> [DATA TO USE]:
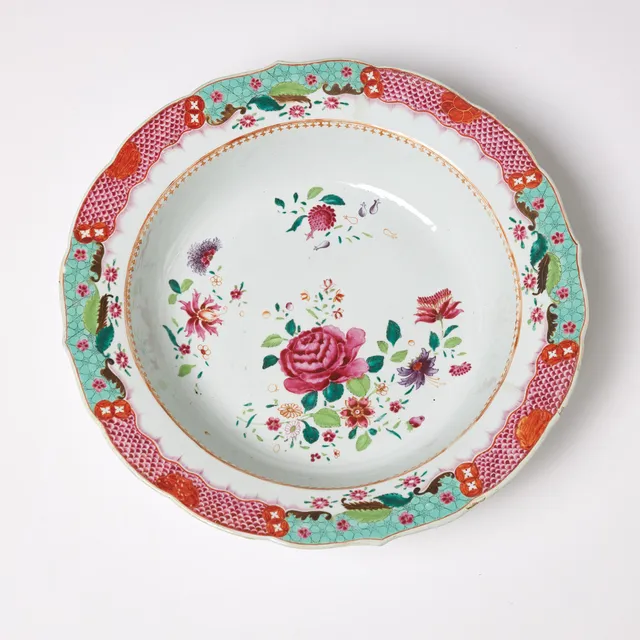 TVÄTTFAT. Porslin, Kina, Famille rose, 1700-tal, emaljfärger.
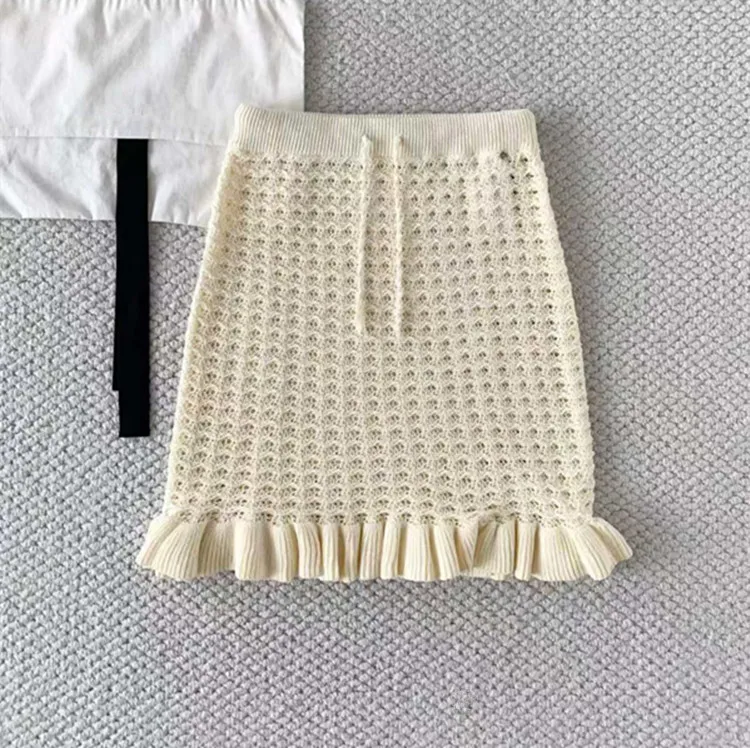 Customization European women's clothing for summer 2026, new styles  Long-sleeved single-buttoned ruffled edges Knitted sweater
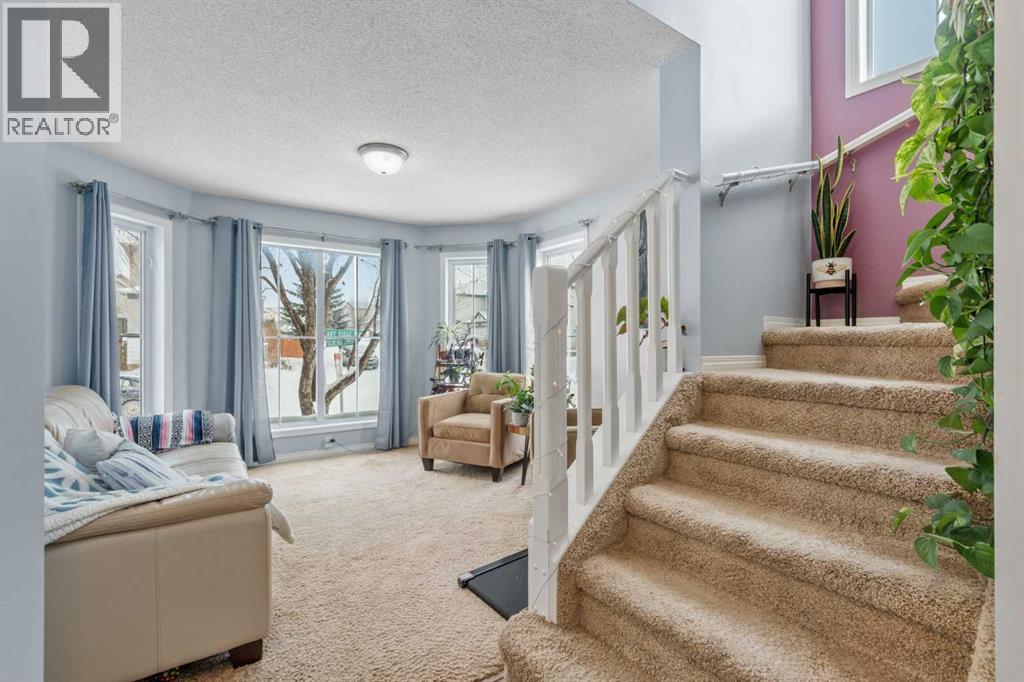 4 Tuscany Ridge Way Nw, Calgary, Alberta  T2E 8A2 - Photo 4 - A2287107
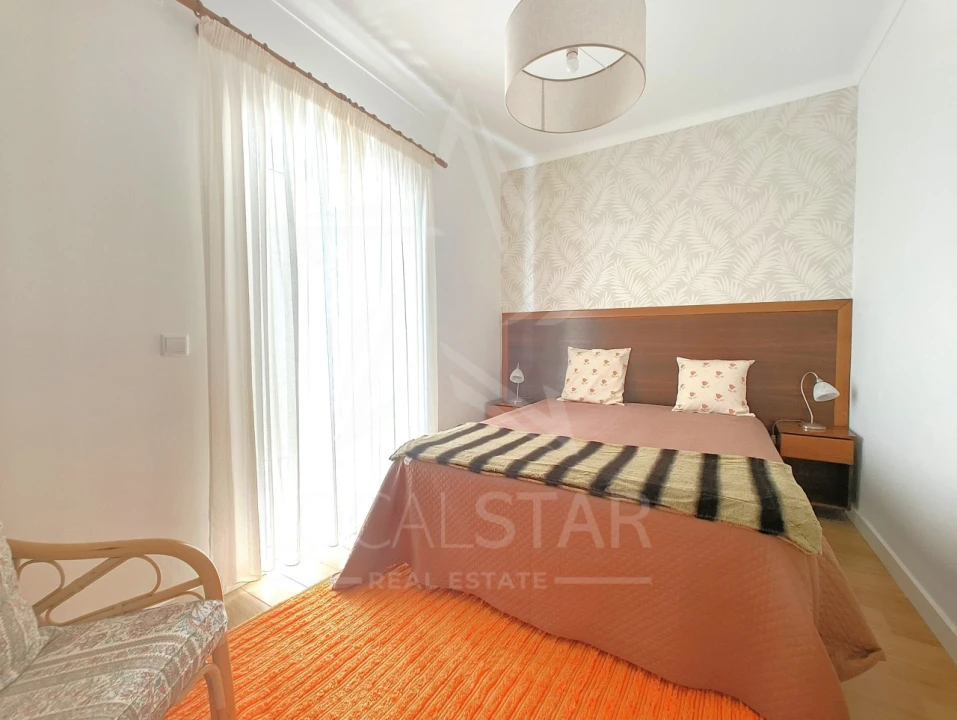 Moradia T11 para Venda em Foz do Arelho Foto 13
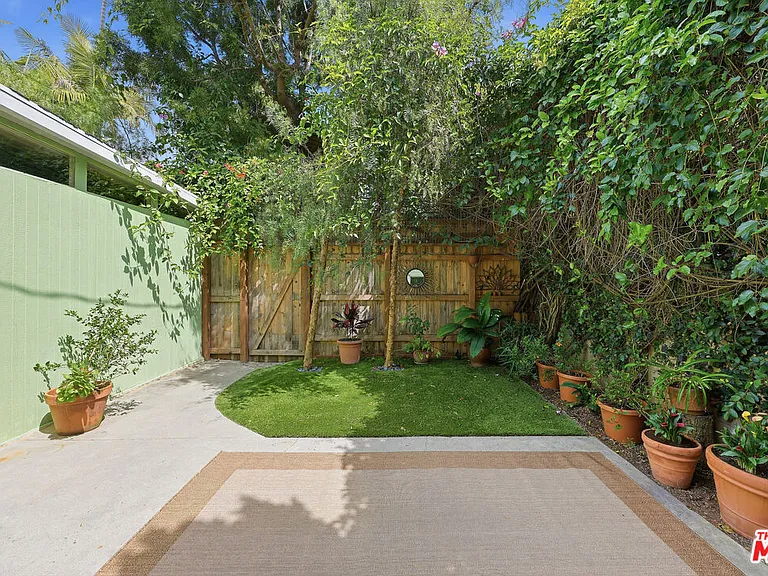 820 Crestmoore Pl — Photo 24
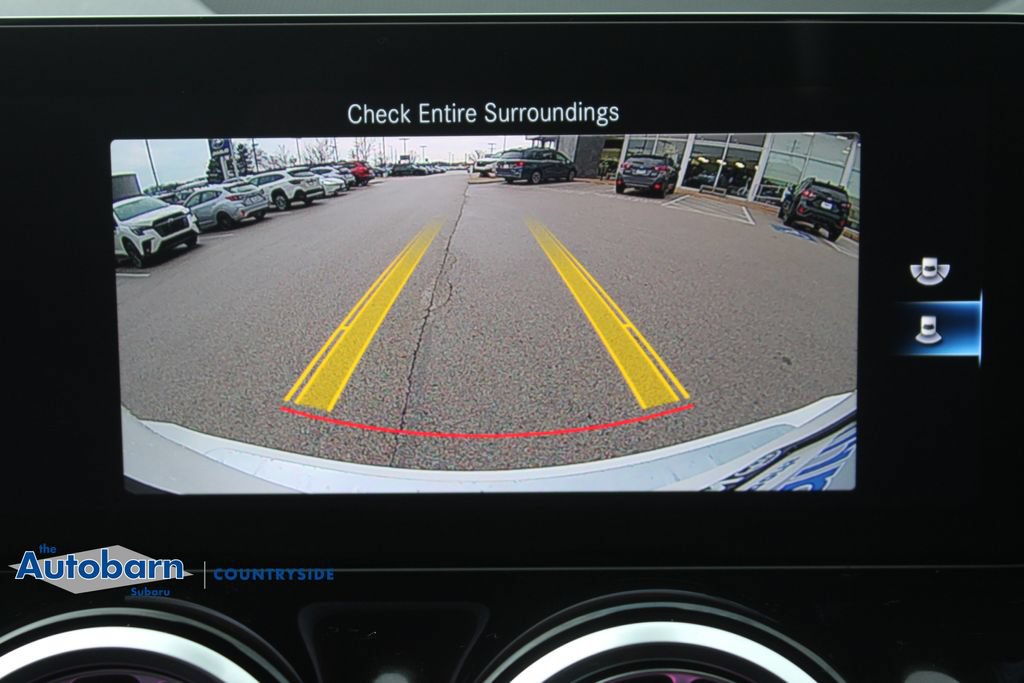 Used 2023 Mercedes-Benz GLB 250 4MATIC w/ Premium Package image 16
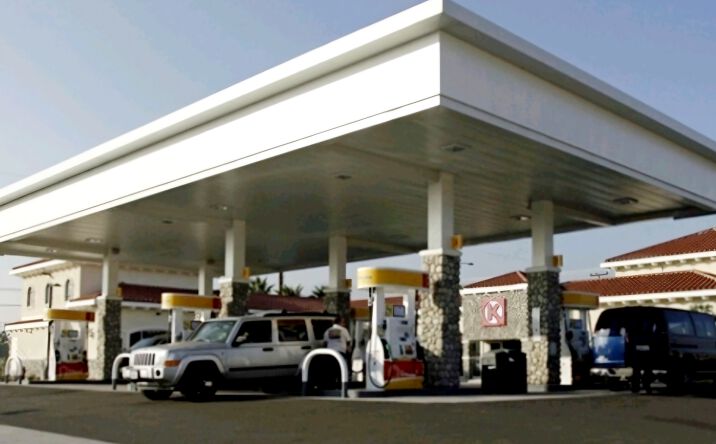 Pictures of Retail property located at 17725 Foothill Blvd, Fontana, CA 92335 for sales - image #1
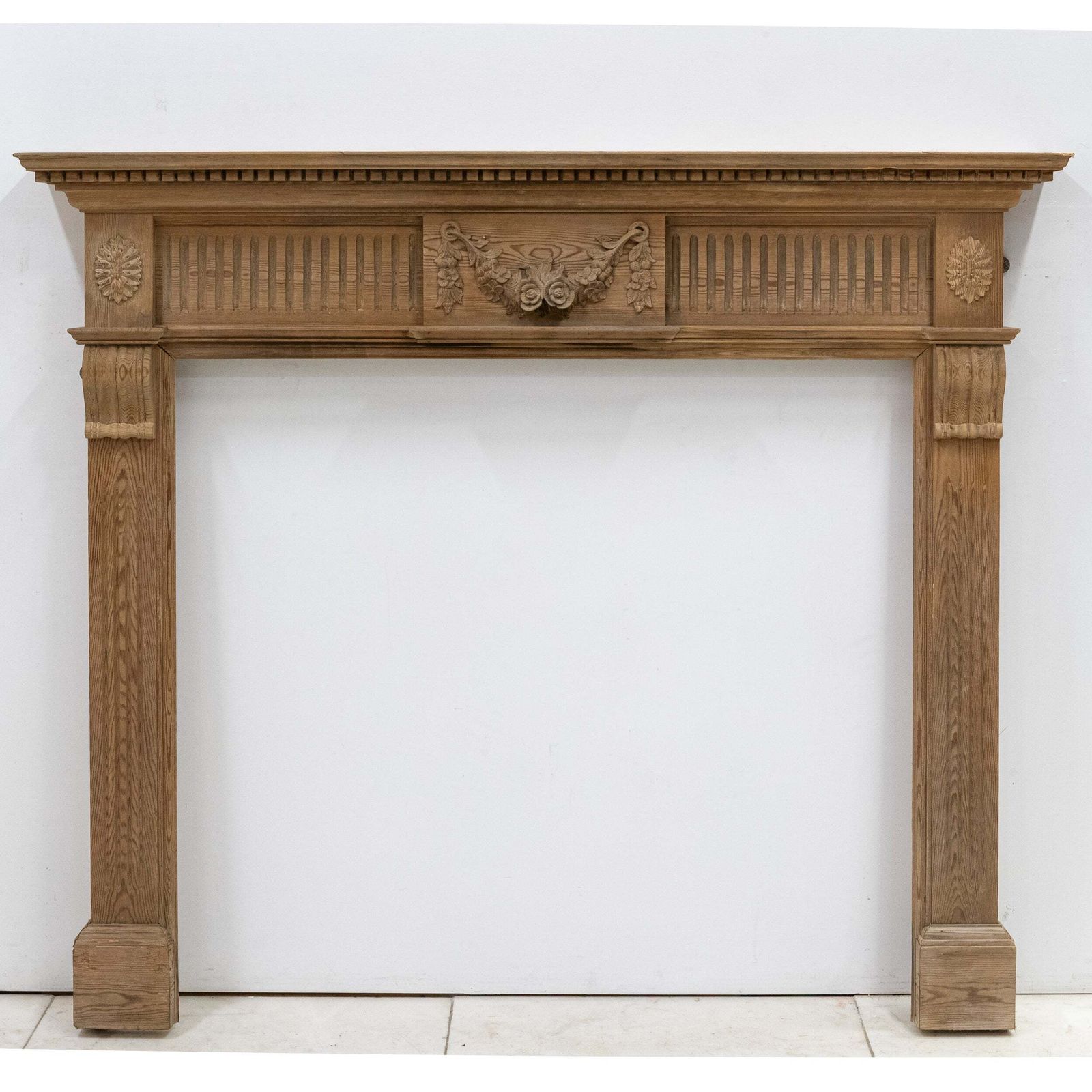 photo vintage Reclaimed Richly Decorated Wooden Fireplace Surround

> [EXERCISE]:
The copy you give must run from the line containing "820 Crestmoore Pl — Photo 24" through the last line of the records, exactly, with the pictures left out.

> [TASK ANSWER]:
 820 Crestmoore Pl — Photo 24
 Used 2023 Mercedes-Benz GLB 250 4MATIC w/ Premium Package image 16
 Pictures of Retail property located at 17725 Foothill Blvd, Fontana, CA 92335 for sales - image #1
 photo vintage Reclaimed Richly Decorated Wooden Fireplace Surround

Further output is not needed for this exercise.